TOKYO (Reuters) - Japan’s Asahi Mutual Life Insurance Co plans to raise its holdings of foreign bonds and step up investment in alternative assets in the current business year to March, a senior company executive said on Monday, as domestic yields remain low.
The company also plans to reduce currency hedging on its foreign bond holdings as it expects the dollar to stabilize, Masaru Tsuruoka, head of the asset allocation and planning department at Asahi Life, told Reuters in an interview.
“While yen-denominated debt will remain at the core of our portfolio, we will further diversify into dollar-denominated debt and alternative assets, given the current low bond yields in Japan,” Tsuruoka told Reuters in an interview.

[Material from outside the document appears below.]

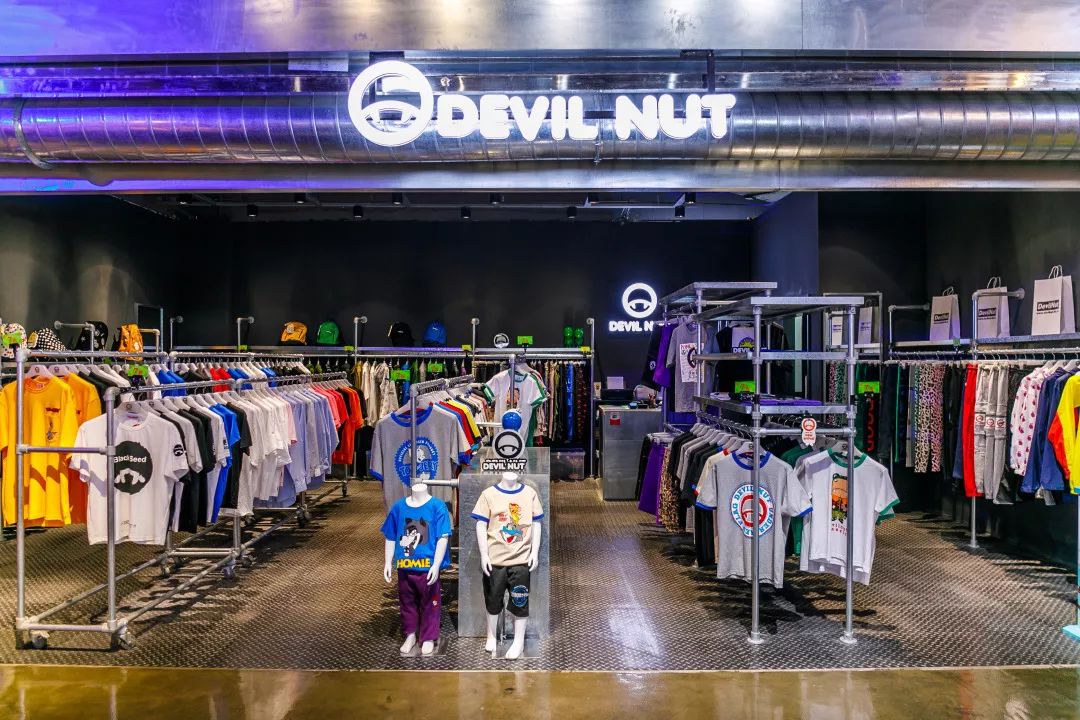 天津首家恶魔果实devilnut强势来袭今夏街头第一punchline带着福利来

In the last financial year ended in March, Japanese insurers bought a record 7.76 trillion yen ($70.5 billion) of foreign bonds.

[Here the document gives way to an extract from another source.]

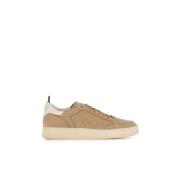 Officine Creative Beige Sneakers med Lactae Hevea Sula Beige, Dam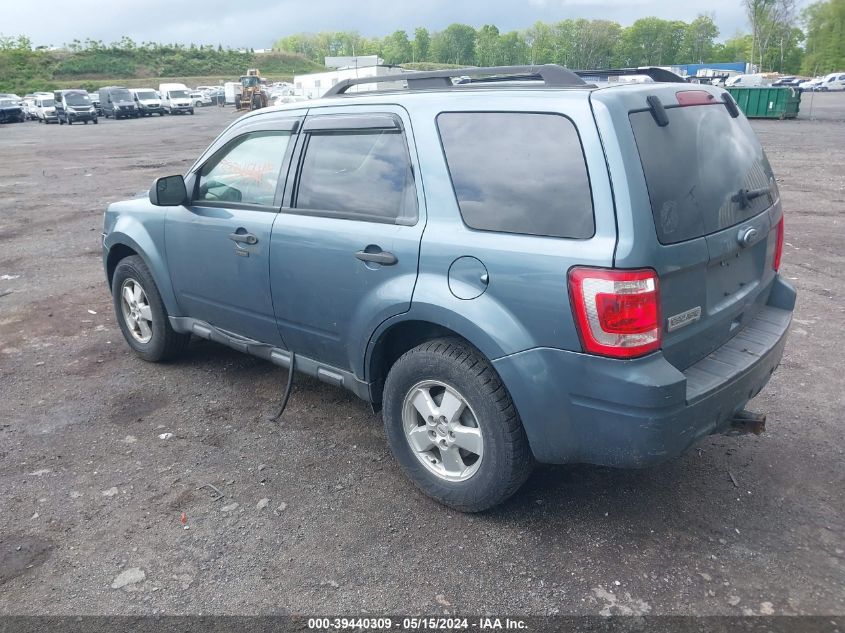 2010 Ford Escape Xlt VIN: 1FMCU9D71AKC44402 Lot: 39440309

Asahi plans to buy more dollar-denominated debt in the current financial year, Tsuruoka said.
To enhance yields, Asahi Life is eyeing dollar bonds issued by non-U.S. names, such as Canadian, Dutch and Japanese issuers, which tend to have higher yields than U.S. Treasuries or dollar bonds issued by U.S. corporates.
Foreign issuers typically pay higher yields than domestic issuers because they tend to be less known among local investors.
“We are looking to buy bonds yielding around 2.5 percent as we are aiming to get return of about 100 basis points after currency hedging, which costs about 150 basis points now,” said Tsuruoka.
“We are mostly buying bonds with five- to ten-years to maturity, taking credit risks, rather than increasing duration risks.”
Asahi Life slightly shortened the average duration of its dollar bond portfolio to 6.5 years at the end of December, from 7.2 years at the end of 2015, Tsuruoka said.
The company also plans to reduce currency hedging on foreign
bonds by around five percentage point to 82-3 percent of its total foreign bond holdings the this financial year, he said.
Japanese insurers, including Asahi, are averse to exposure to foreign exchange fluctuations, so they use currency hedging on a large part of their foreign bond investment.
Tsuruoka said that the company plans to increase the holdings of alternative assets, including infrastructure funds, credit product funds, private equity and listed REITs, adding that the insurer is investing in “middle-risk, middle-return” assets.
Asahi Life, which had total assets of about 5.6 trillion yen ($50.9 billion), reduced domestic bond holdings by 110 billion yen in the year ended in March and plans to lower it further, Tsuruoka said.
But he added the company could buy longer-dated bonds given their yields have risen after the Bank of Japan started a new policy framework last September, allowing long-term bond yields to rise considerably since then.